TASK STATEMENT
Across the whole listing, return each line exactly, with no images included.

DATA SEGMENT
=== Section Start ===

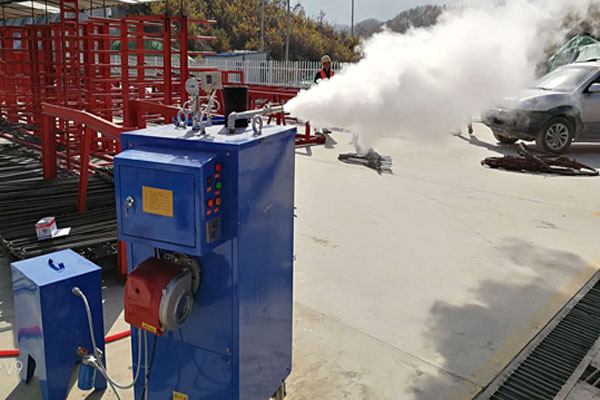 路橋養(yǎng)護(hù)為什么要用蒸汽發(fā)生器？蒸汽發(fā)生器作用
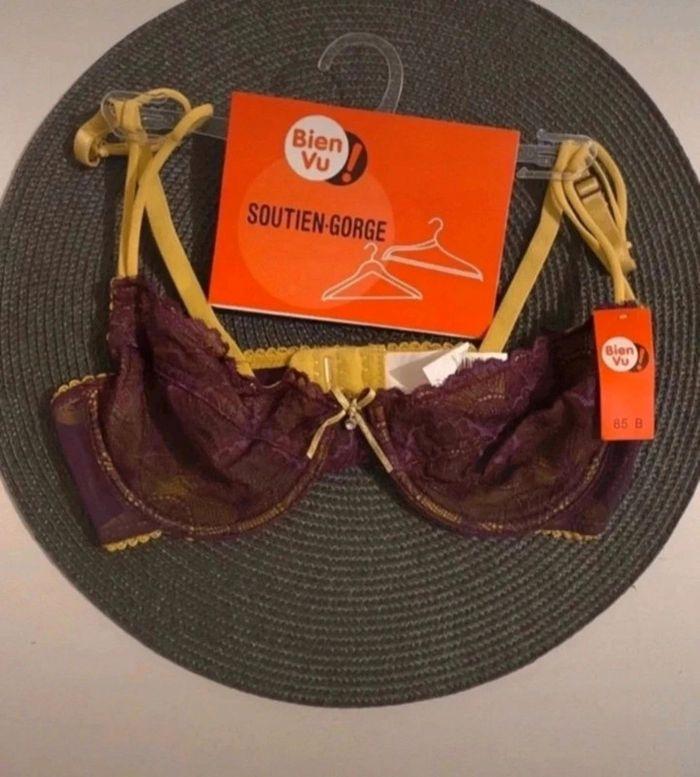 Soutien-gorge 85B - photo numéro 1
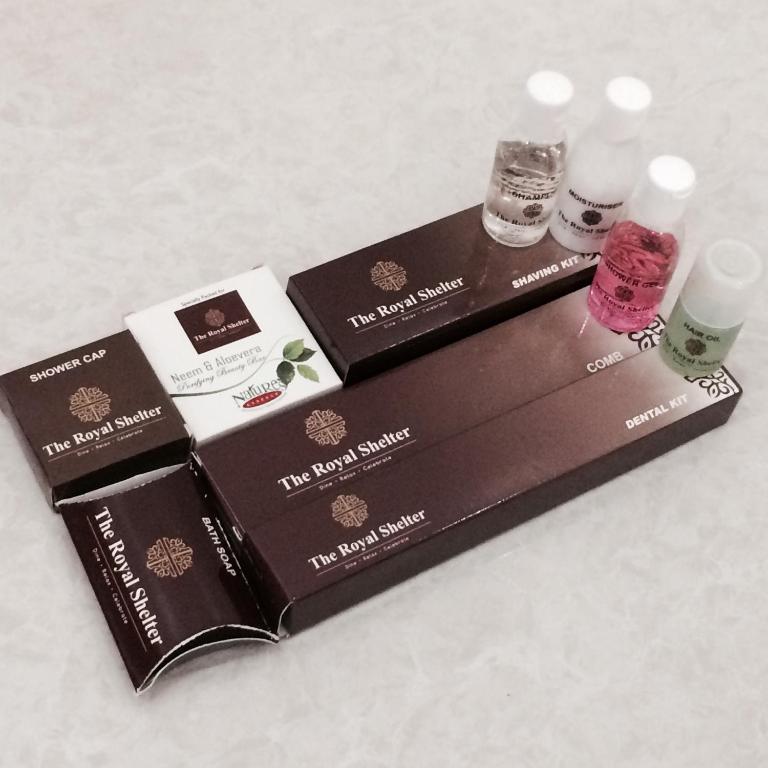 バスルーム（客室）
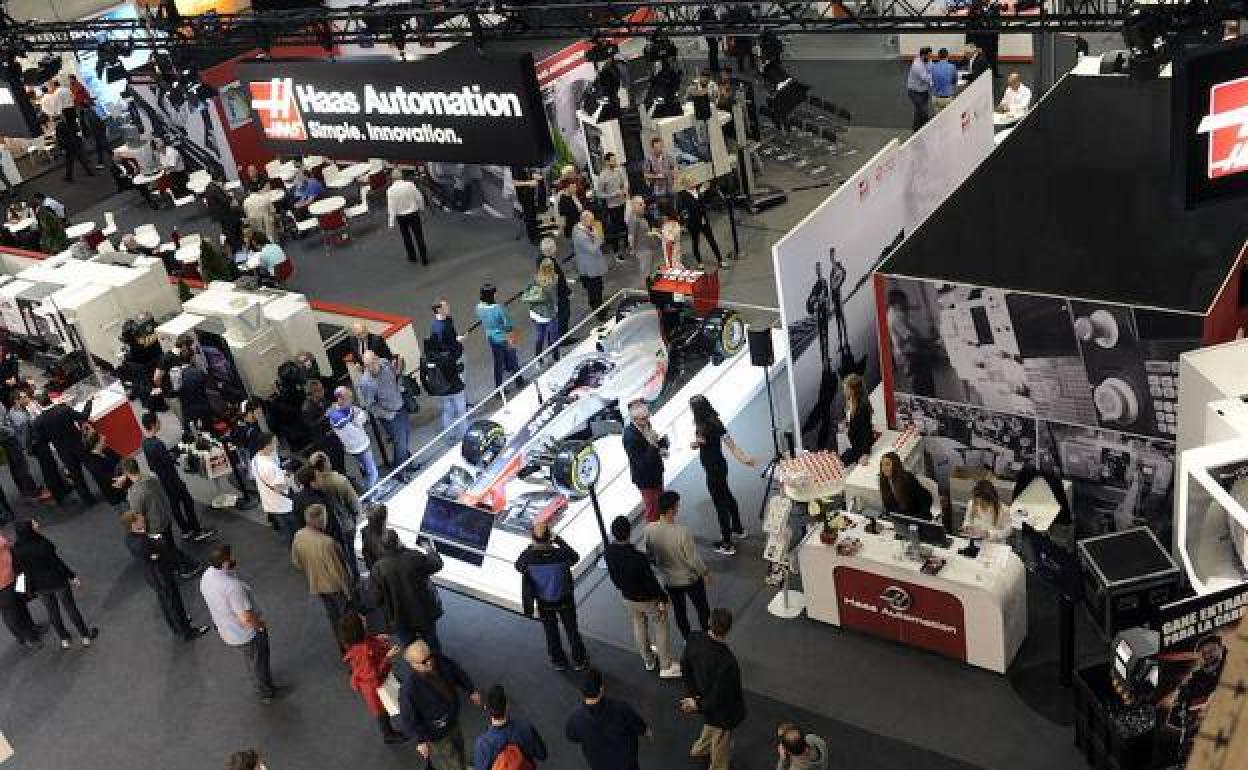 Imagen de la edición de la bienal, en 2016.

=== Section End ===

THE ANSWER
 路橋養(yǎng)護(hù)為什么要用蒸汽發(fā)生器？蒸汽發(fā)生器作用
 Soutien-gorge 85B - photo numéro 1
 バスルーム（客室）
 Imagen de la edición de la bienal, en 2016.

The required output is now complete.